Text-to-Graph Conversion
An innovative way to improve search: convert documents into a knowledge graph, so related information scattered across sections is grouped in one place and reachable by traversing edges.
In documents, related information is often scattered across different sections. Graphs provide multiple viewpoints, letting you see related information grouped together in one place. By traversing edges in multiple directions, searching becomes more intuitive and systematic — easier to navigate and manage across large, complex data.
Converting natural language into a graph is ambitious. It requires a user-friendly graph schema capable of representing the variety of sentences found in the literature. Here we explore an approach that builds a schema on the same principles as natural language, aiming to address the complexity and scope of human language.
Project overview
- Knowledge-graph schema — a flexible schema to capture the vast array of information in scientific articles.
- Text–graph interface language — guidelines for converting text into its graph representation.
- Fine-tuning language models — leveraging LLMs to automate the transformation of text into graph format.
- Benchmarking the system — assessing how much the knowledge graph improves data retrieval and understanding.
Developing a knowledge-graph schema
The first step is a schema capable of representing all the diverse information across scientific studies. Written language, using only a simple set of grammatical rules, has become a universal tool for representing diversity. We believe we can endow our schema with similar capabilities by carefully crafting a new syntax based on entities and relations instead of punctuation and spacing.

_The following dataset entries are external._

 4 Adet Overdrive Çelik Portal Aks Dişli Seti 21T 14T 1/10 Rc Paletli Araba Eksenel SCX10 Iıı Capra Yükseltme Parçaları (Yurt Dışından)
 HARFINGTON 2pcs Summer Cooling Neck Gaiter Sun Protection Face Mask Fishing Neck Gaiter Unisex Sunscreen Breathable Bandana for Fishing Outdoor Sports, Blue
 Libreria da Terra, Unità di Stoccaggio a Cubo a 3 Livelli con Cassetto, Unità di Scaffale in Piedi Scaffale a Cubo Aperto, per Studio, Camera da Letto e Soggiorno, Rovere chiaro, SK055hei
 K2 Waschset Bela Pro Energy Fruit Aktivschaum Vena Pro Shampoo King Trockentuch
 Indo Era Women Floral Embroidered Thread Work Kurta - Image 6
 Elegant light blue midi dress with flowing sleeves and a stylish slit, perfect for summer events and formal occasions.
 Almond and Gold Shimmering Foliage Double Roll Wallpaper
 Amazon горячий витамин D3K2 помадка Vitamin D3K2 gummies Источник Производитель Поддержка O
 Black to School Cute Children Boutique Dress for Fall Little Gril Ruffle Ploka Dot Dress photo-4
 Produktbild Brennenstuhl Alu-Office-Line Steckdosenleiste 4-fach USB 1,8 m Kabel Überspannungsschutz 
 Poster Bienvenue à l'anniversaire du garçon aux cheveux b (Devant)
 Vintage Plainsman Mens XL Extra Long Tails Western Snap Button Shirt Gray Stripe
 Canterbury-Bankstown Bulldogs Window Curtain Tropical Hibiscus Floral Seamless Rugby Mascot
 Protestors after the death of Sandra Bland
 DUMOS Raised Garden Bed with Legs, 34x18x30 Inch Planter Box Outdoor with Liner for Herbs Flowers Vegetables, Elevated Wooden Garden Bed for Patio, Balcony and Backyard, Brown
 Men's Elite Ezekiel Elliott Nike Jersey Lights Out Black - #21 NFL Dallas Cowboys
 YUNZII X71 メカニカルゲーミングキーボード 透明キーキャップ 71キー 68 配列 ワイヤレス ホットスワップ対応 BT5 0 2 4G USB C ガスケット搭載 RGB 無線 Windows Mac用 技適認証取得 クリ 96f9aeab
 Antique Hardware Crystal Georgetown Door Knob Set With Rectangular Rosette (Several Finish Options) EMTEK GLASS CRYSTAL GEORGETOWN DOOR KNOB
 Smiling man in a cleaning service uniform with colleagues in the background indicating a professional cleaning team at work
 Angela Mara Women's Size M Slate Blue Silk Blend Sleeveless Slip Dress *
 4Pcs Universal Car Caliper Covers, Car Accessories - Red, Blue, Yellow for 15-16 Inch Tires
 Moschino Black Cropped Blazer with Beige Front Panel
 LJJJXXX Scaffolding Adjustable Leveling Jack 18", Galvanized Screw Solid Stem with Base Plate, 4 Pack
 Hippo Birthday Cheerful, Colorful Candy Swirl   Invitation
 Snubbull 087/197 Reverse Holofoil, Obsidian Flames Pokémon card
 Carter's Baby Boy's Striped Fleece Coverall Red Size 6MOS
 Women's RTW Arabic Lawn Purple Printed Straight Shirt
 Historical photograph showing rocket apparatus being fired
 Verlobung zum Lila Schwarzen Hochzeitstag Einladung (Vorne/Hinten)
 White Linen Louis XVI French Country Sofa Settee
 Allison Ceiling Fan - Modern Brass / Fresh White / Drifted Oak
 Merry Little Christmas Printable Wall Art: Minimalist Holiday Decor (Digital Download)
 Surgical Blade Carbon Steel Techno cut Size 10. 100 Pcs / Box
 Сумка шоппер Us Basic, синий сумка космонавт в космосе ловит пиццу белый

The versatility of language comes from its vast vocabulary; for intuitive operation, the knowledge graph will also use a vast vocabulary. The schema, like language, is a basic syntax enhanced by an extensive vocabulary. It must be user-friendly — it’s intended to function as a search engine that requires no extensive training — and adaptable, to keep up with evolving information and practice. Our design also reduces redundancy and enhances connectivity for efficient retrieval.
Annotation guidelines, in tandem with the text-graph notation
Graph-database files are too technical to serve as a good annotation format. Since annotations are primarily done by humans, the format should be intuitive, resemble natural language, be easy to edit, and clearly show the graph structure. To bridge this gap we need an interface that mediates between the two representations, which can then be converted into the graph-database format.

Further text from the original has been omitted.